### Exercise description
When you reach the line containing "田川産業の行平信義代表取締役とSoya Oil Coatings", begin reproducing the lines exactly and continue through the end of the listing, leaving out the pictures.

### Data provided
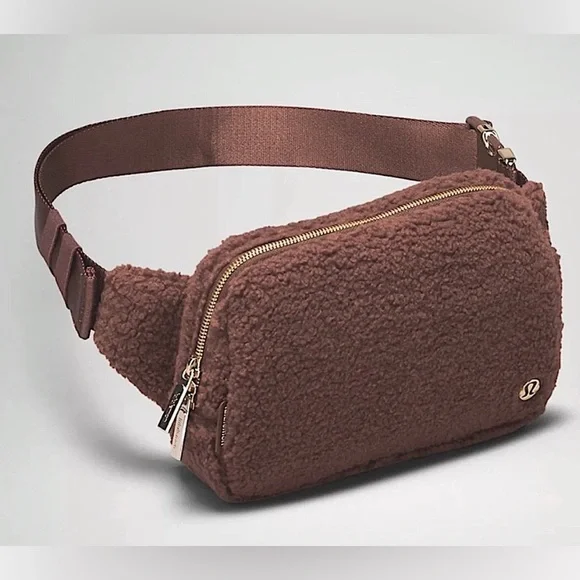💕NEW💕 Lululemon Brown Textured Fleece Bag with Zipper - Picture 2 of 7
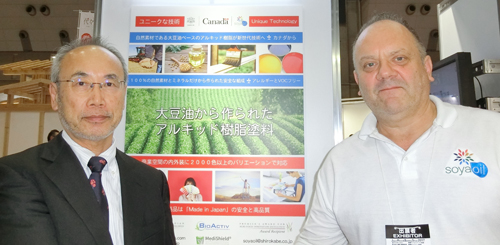 田川産業の行平信義代表取締役とSoya Oil Coatings CanadaのRichard McSorley社長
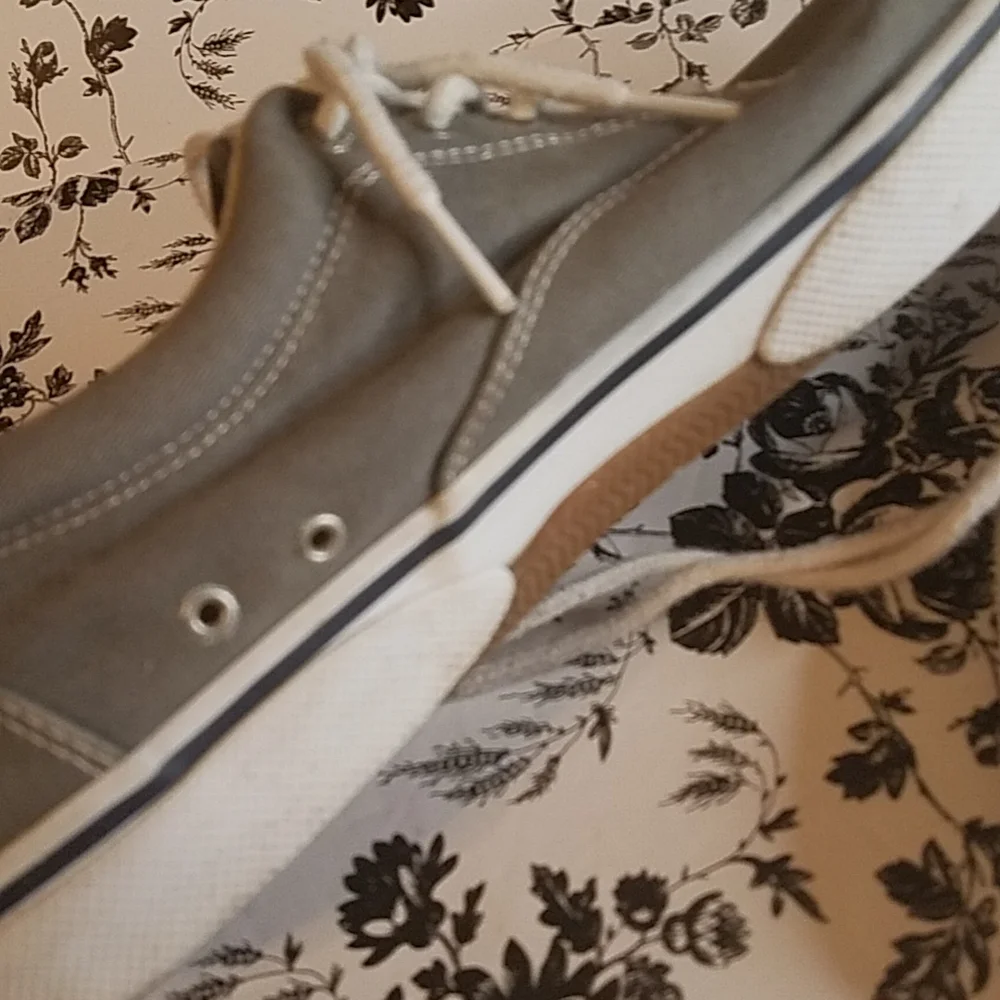 Sperry mens gray 13. B180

### Solution
 田川産業の行平信義代表取締役とSoya Oil Coatings CanadaのRichard McSorley社長
 Sperry mens gray 13. B180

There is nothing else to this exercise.